1) Which of the following is an example of the planning function of a budget?
a. A budget demands integrated input from different business units and functions.
b. Employees are motivated to achieve the goals set by the budget.
c. Budget figures are used to evaluate the performance of managers.
d. The budget outlines a specific course of action for the coming period.
2) Opportunity cost(s):
a. of a resource with excess capacity is zero
b. should be maximized by organizations
c. are recorded as an expense in the accounting records
d. are most important to financial accountants
3) Gnome Company is trying to decide whether to continue to manufacture a particular component or to buy the component from a supplier. Which of the following is relevant to this decision?
a. the potential uses of the facilities that are currently used to manufacture the component
b. the insurance on the manufacturing facility which will continue regardless of the decision
c. allocated corporate fixed costs which would have to be allocated to other products if the component is no longer manufactured
d. the cost of the equipment that is currently being used to manufacture the component
4) Which of following statements is true of short-term decision making?
a. Fixed costs and variable costs must be analyzed separately.
b. All costs behave in the same way.
c. Unit manufacturing costs are variable costs.
d. All costs involved in a decision are considered relevant.

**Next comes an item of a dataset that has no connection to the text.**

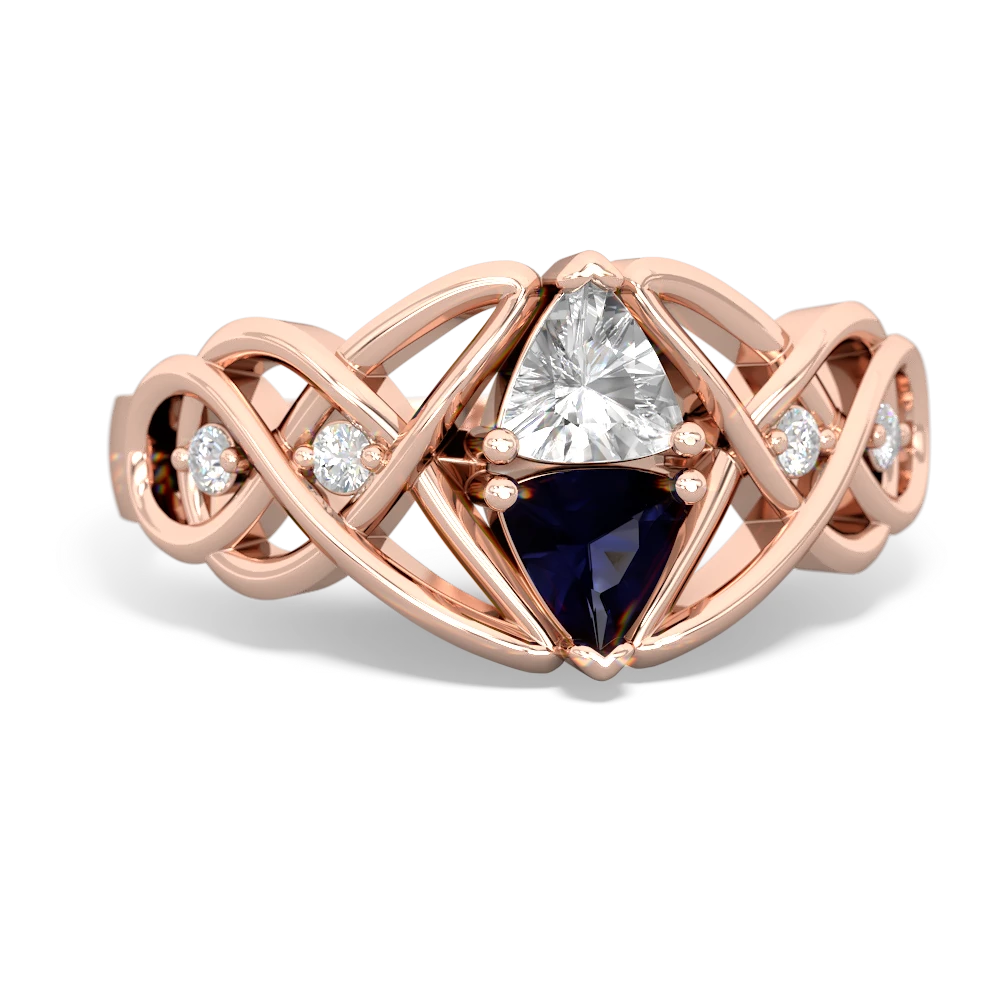 White Topaz Keepsake Celtic Knot 14K Rose Gold ring R5300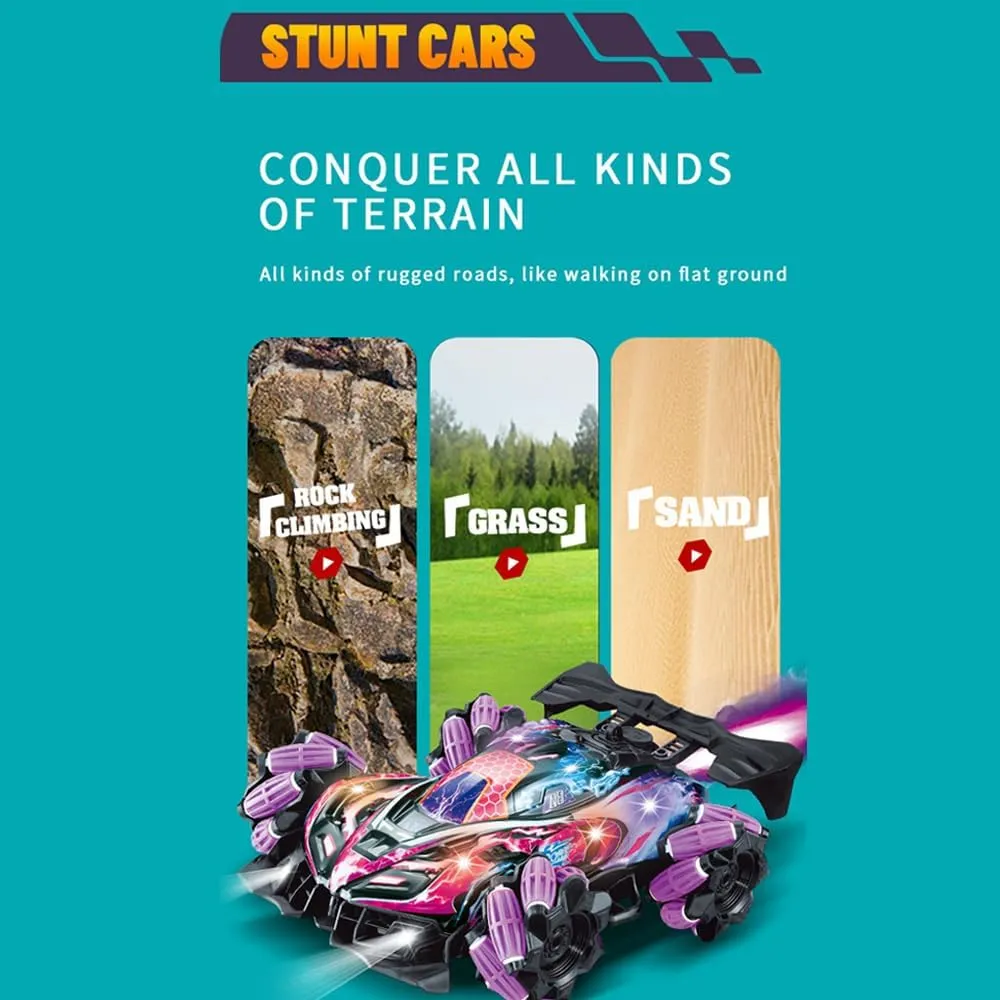 Car for Boys Girls, 2.4GHz 4WD Remote Control Car with 360?? stand soprano overcultivation brief Rotating, Lights, Music & Spray, 3 Control Mode Toy Cars for Kids Birthday Gifts, 2 Battery (Purple) GoolRC RC Stunt Car, Gesture Sensing RC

5) A company is analyzing its month-end results by comparing it to both static and flexible budgets. During the previous month, the actual selling price was higher than the expected price as per the static budget. This difference results in a(n):
a. favorable flexible budget variance for sales revenues.
b. favorable sales volume variance for sales revenues.
c. unfavorable flexible budget variance for sales revenues.
d. unfavorable sales volume variance for sales revenues.
6) When replacing an old asset with a new one, the original purchase price of the old asset represents:
a. relevant cost.
b. differential costs.
c. opportunity cost.
d. sunk cost.
7) Polynesia Company manufactures sonars for fishing boats. Model 70 sells for $300. Polynesia produces and sells 5,500 of them per year. Cost data are as follows:
Variable manufacturing $100 per unit
Variable marketing $15 per unit
Fixed manufacturing $280,000 per year
Fixed marketing & admin $150,000 per year
The sales manager says he has an opportunity to pitch a special sale to a new Canadian fishing company that is outfitting new boats. He proposes a sale of 40 units at a special price of $150 per unit. He says it will not cannibalize the company’s regular sales and is a one-time transaction. It will require the normal amount of variable costs, both marketing and manufacturing, but will not impact fixed costs in any way. The president of the company has some reservations, but finally agrees to make the deal if and only if it adds a minimum of $1,500 to operating income. Based on the president’s criteria, what will Polynesia decide to do? (show the calculation to support this decision)
8) Mountain Sports Equipment Company projected sales of 78,000 units at a unit sale price of $12 for the year 2015. Actual sales of 2015 were 75,000 units at $14.00 per unit. Variable costs were budgeted at $3 per unit; actual amount was $4 per unit. Budgeted fixed costs totaled $375,000, while actual fixed costs amounted to $400,000. What is the sales volume variance for total revenue?
9) Western Outfitters projected sales of 75,000 units for the year 2015 at a unit sale price of $12.00. Actual sales in 2015 was 72,000 units, at $14.00 per unit. Variable costs were budgeted at $4.00 per unit; actual variable cost was $4.75 per unit. Budgeted fixed costs totaled $375,000 while actual fixed costs amounted to $400,000. What is the flexible budget variance for operating income?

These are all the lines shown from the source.